**** EXERCISE INPUTS ****

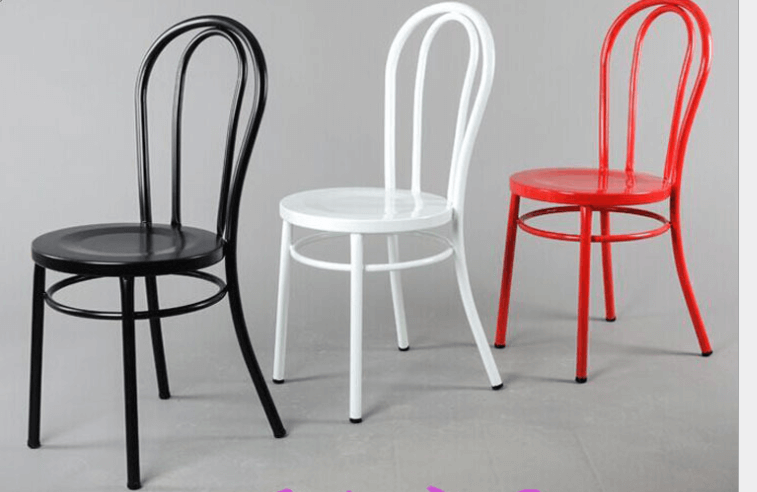 thonet chair metal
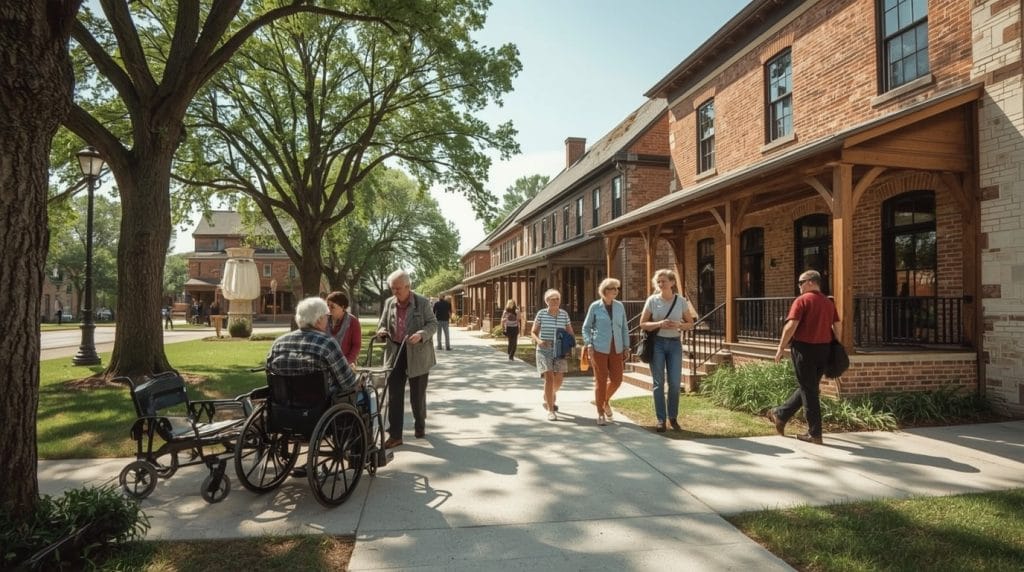 Naper Settlement living history museum in Naperville Illinois offering cultural engagement for retirees in best cities to retire 2026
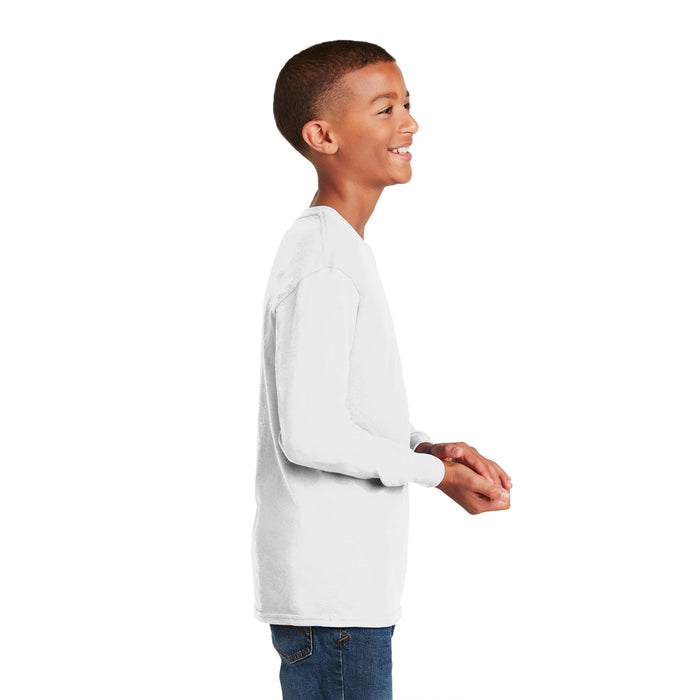 5400B Gildan® Youth Heavy Cotton™ 100% Cotton Long Sleeve T-Shirt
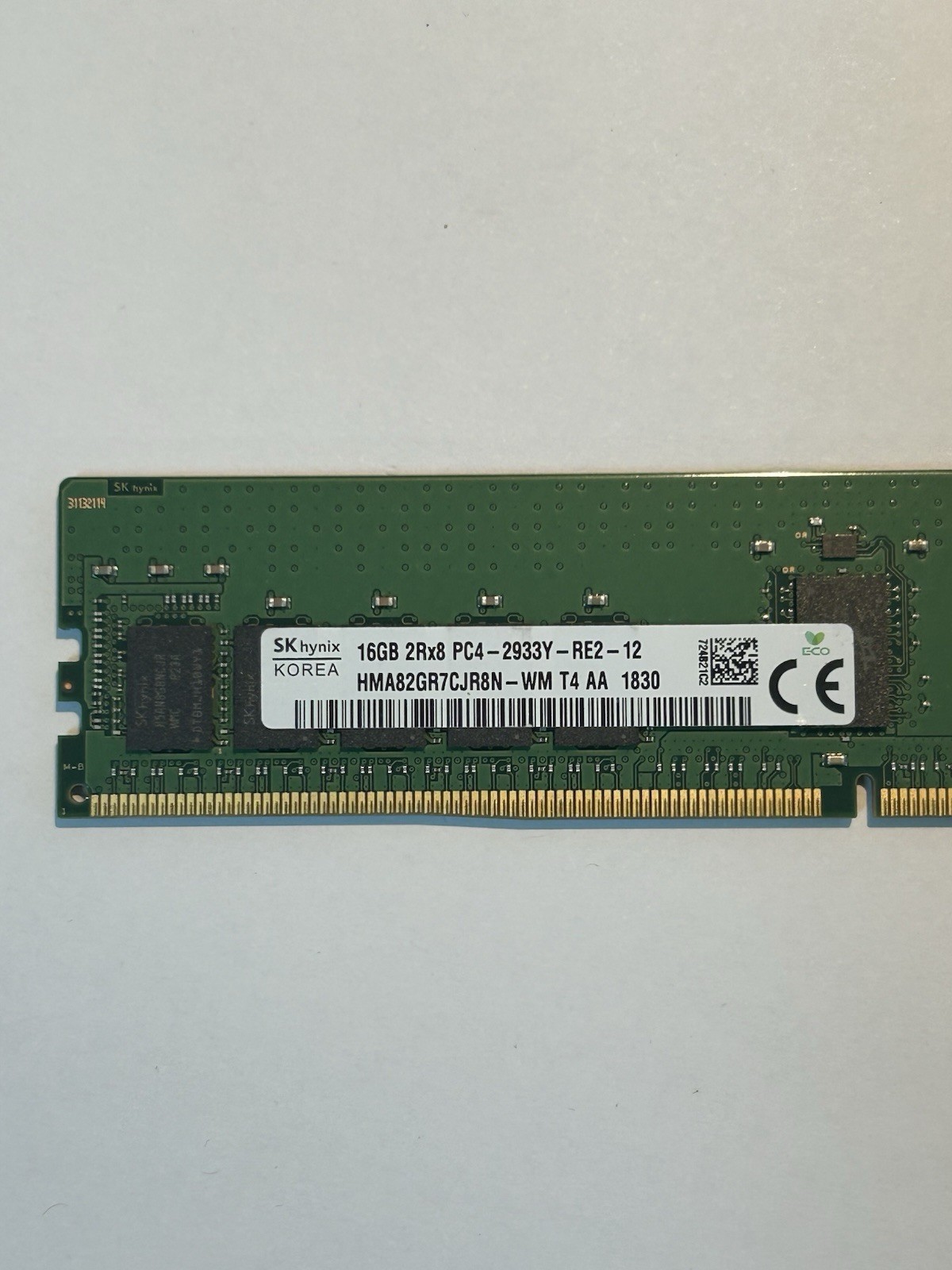 HYNIX HMA82GR7CJR8N-WM 16GB 2RX8 PC4-2933Y DDR4 RDIMM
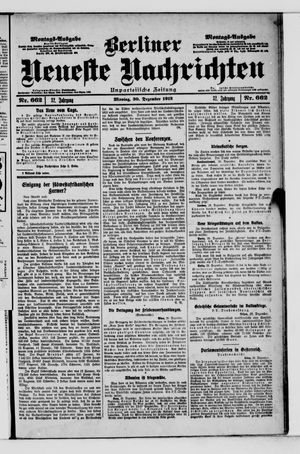 Berliner Neueste Nachrichten vom 30.12.1912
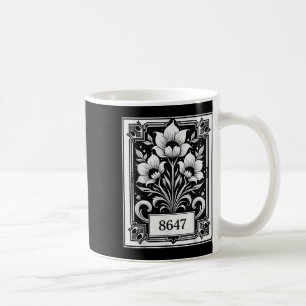 Caneca De Café Feminista Floral 8647 Anti-Trump Human Rights Engr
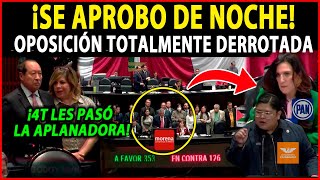 ¡APROBADA ANOCHE! 4T LE PASÓ LA APLANADORA AL PRIAN, MÉXICO AL FIN CELEBRA, CLAUDIA FELIZ FELIZ!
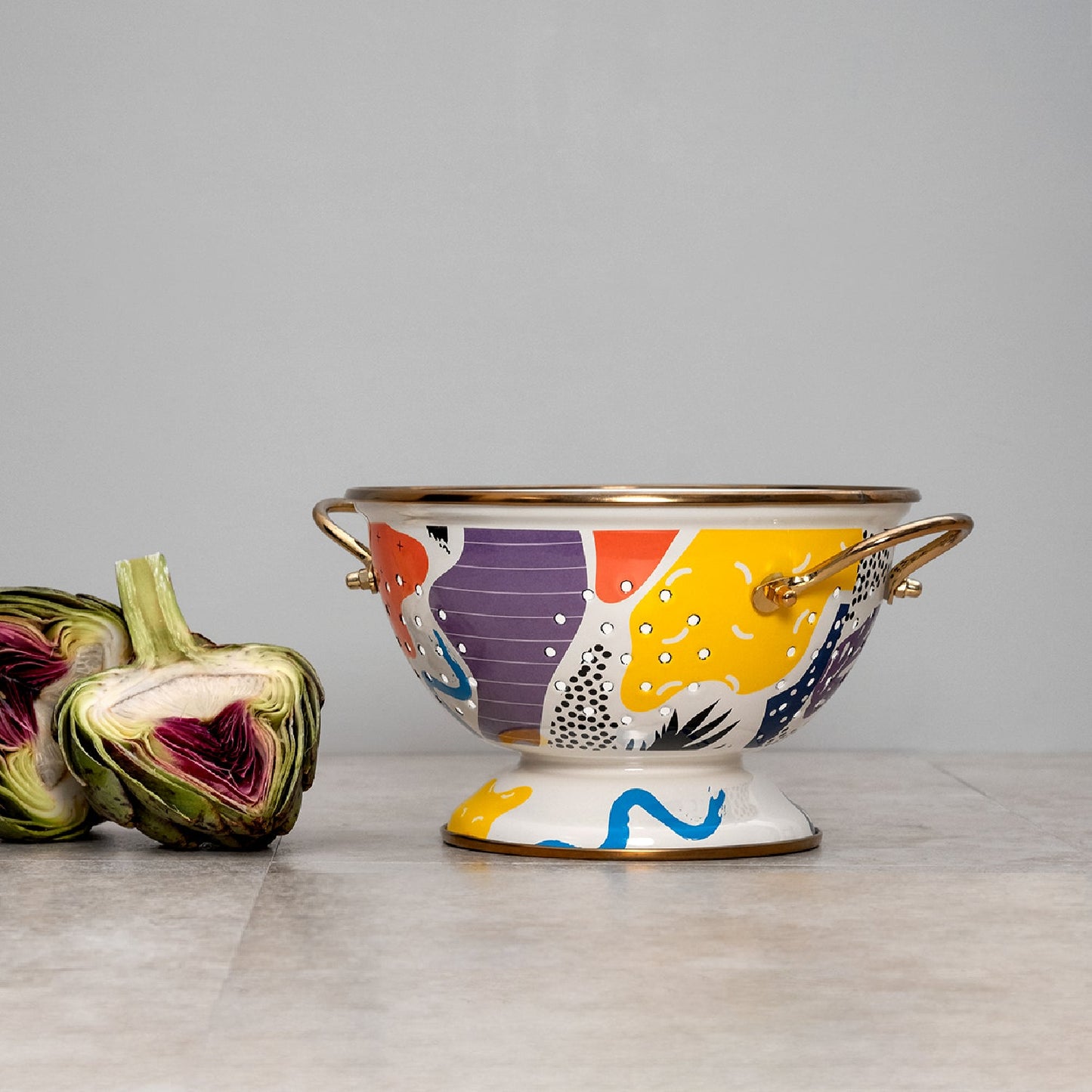 Kapka Flashback Small Enamel Colander - Darling Spring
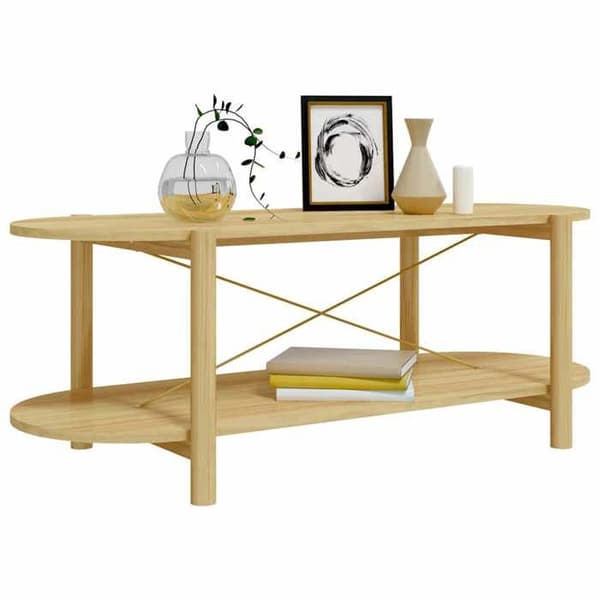 Maison Exclusive - Soffbord 110x48x40 cm Ingenjörsträ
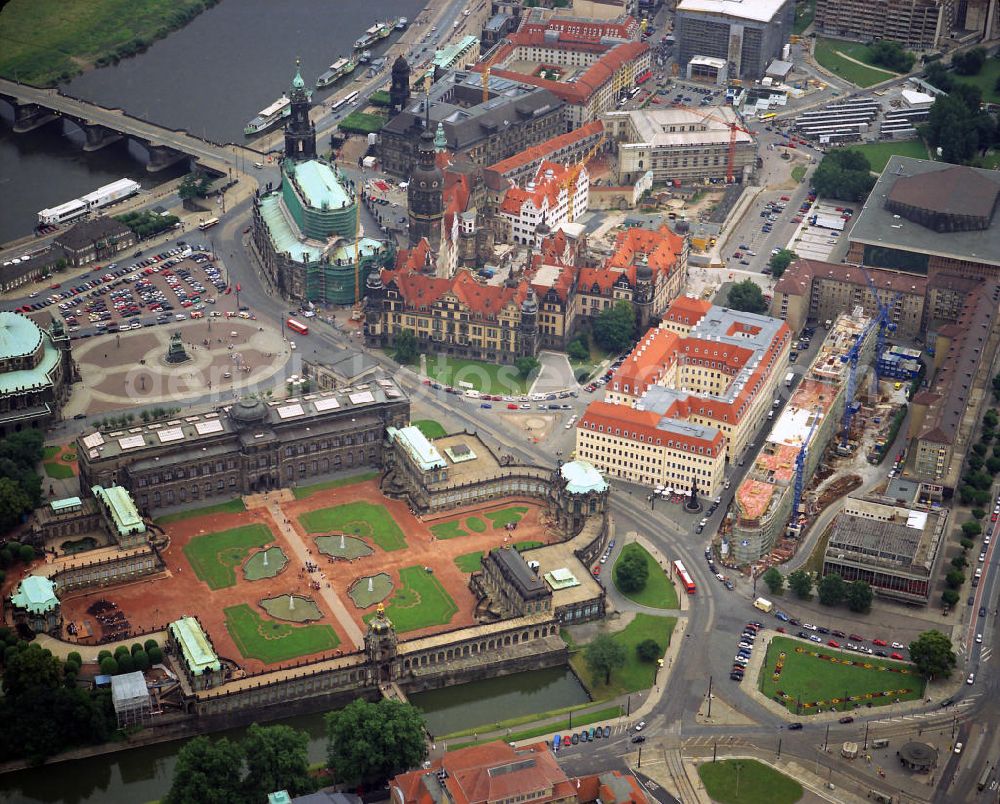 Dresden from above - Old Town of Dresden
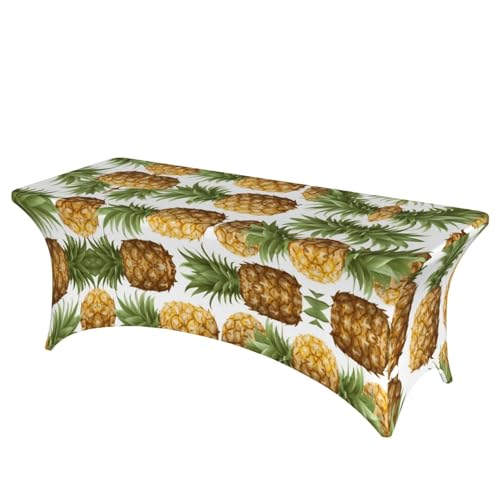 Professionelle, stilvolle, rechteckige Tischdecke mit Ananas-Druck, einfache Installation Professionelle, stilvolle, rechteckige Tischdecke mit Ananas-Druck, einfache Installation von Tamiger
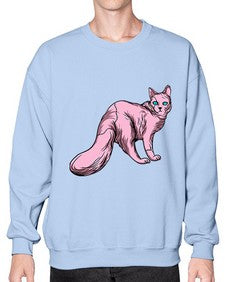 Cat 55# - cartoon animals- Sweatshirt - Crew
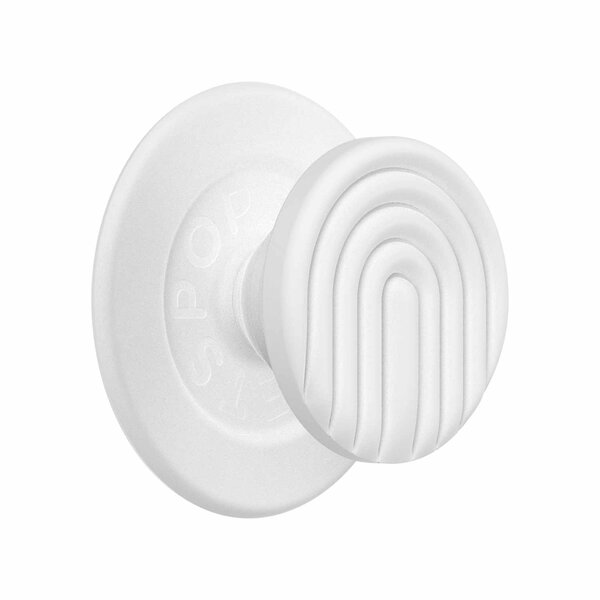 Popsockets PopSockets PopGrip for MagSafe Round with Adapter Ring Curves Coconut Creme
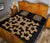 Hawaiian Quilt Bed Set Royal Pattern - Black And Gold - A1 Style - Polynesian Pride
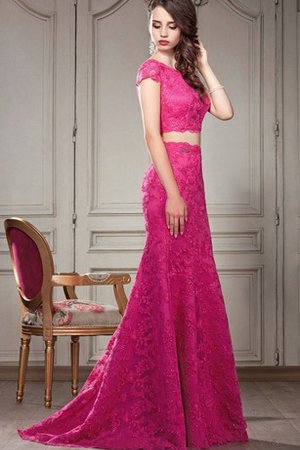 Robe de bal de lotus en chiffon avec manche courte trou de serrure longueur au ras du sol - photo 1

****

WHAT YOU WILL DO:
The expected output is the lines above from the one containing "Dresden from above - Old Town of Dresden" to the one containing "Hawaiian Quilt Bed", both ends included, reproduced exactly with every picture left out.

RESPONSE FOR THIS EXERCISE:
 Dresden from above - Old Town of Dresden
 Professionelle, stilvolle, rechteckige Tischdecke mit Ananas-Druck, einfache Installation Professionelle, stilvolle, rechteckige Tischdecke mit Ananas-Druck, einfache Installation von Tamiger
 Cat 55# - cartoon animals- Sweatshirt - Crew
 Popsockets PopSockets PopGrip for MagSafe Round with Adapter Ring Curves Coconut Creme
 Hawaiian Quilt Bed Set Royal Pattern - Black And Gold - A1 Style - Polynesian Pride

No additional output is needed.